The first volume of the new "Not at Night" series, Keep out the night (see my review elsewhere in infinity plus) won cover scanthe 2003 BFS award for best anthology and the publisher, PS Publishing, has been presented, for the third year in a row, with the BFS award for best Small Press.

What a promising introduction for the second volume By moonlight only, but also what a heavy commitment to maintain the same standard as the previous book! Let me tell you right away that once again Stephen Jones has been quite successful in assembling a remarkable collection of classic and classy short stories. The selected contributors to the anthology were asked to choose one story they particularly like and/or they feel has not received the deserved recognition. In most instances we must acknowledge that both editor and authors display an excellent taste.

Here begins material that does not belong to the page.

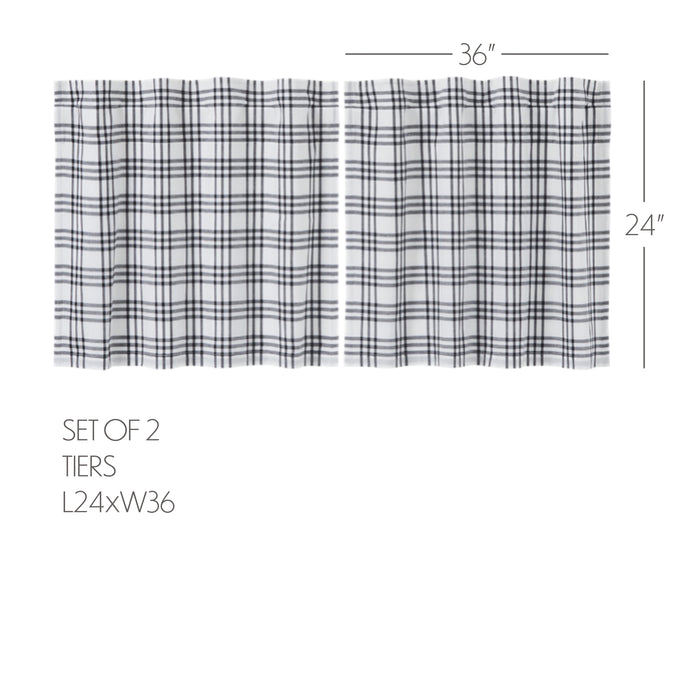 Sawyer Mill Black Plaid Tier Set of 2 L24xW36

In Harlan Ellison's "In the Fourth Year of the War" a man's mind becomes possessed by a homicidal mania forcing him to kill people who in the past did something wrong to him or his family. It's a horrifying, chilling tale filled with regrets for the unfair things life does to all of us, including a touching homage to the memory of a father ("...the realisation that all the dreams had been stolen from him, that he had lived his life and it had come to nothing, that he was dead and had never made his mark, had been here and was gone and no one would remember or care").

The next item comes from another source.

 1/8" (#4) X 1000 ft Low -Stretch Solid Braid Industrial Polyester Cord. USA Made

"The Crystal Doll Killings" by Hugh B. Cave is the only story I found disappointing, an unfortunate choice among hundreds of tales produced by this prolific monument of pulp fiction. The tale is so improbable and "pulpy" to appear as a parody of the genre itself.

"The Art Nouveau Fireplace" is another outstanding story by Christopher Fowler. The ingredients are an ancient house, a beautiful fireplace, a recurring nightmare, a distant murder, all skilfully mixed up by a very brilliant writer.

"These Beast" is a superlative choice by veteran Tanith Lee, whose story lies somewhere between horror and fantasy. A tomb robber manages to spoil an ancient grave, but its powerful inhabitant will take a terrible vengeance. Great re-adaptation of a traditional theme.

"Tight Little Stitches in a Dead Man's Back" by Joe Landsdale is a moving tale about the nuclear horror, the loneliness of the after-the-bomb survivors and the meaning of a painful tattoo on a man's back. A nominee for the World Fantasy Award, the story maintain its charm unblemished even today.

Lisa Tuttle's "Replacements" is the upsetting description of the dissolution of a marriage caused by the obsessive affection of a woman for a peculiar vampire pet.

I admit I was not familiar with Marc Laidlaw's fiction. His contribution, "Cell Call", is a stunning story about a man who gets lost while trying to drive home and whose only contact with his wife, or, better, with the world, is his cell phone. Here's a tale that, although the plot may seem comparatively trivial and the narrative style unassuming, is quite unforgettable. This especially applies to the final sentence, in italics, "It's raining where I am and I'm looking at you car", which remains one of the more chilling statements I ever met in hundred of dark fiction stories I've read so far.

Unknown supernatural forces are at work in Terry Lamsley's "The walls", an unnerving, tense piece of fiction where hiking proves to be an activity as dangerous as challenging the past. Lamsley's fictional work is sadly missed by many (including me). We still do hope that some day he'll return to writing.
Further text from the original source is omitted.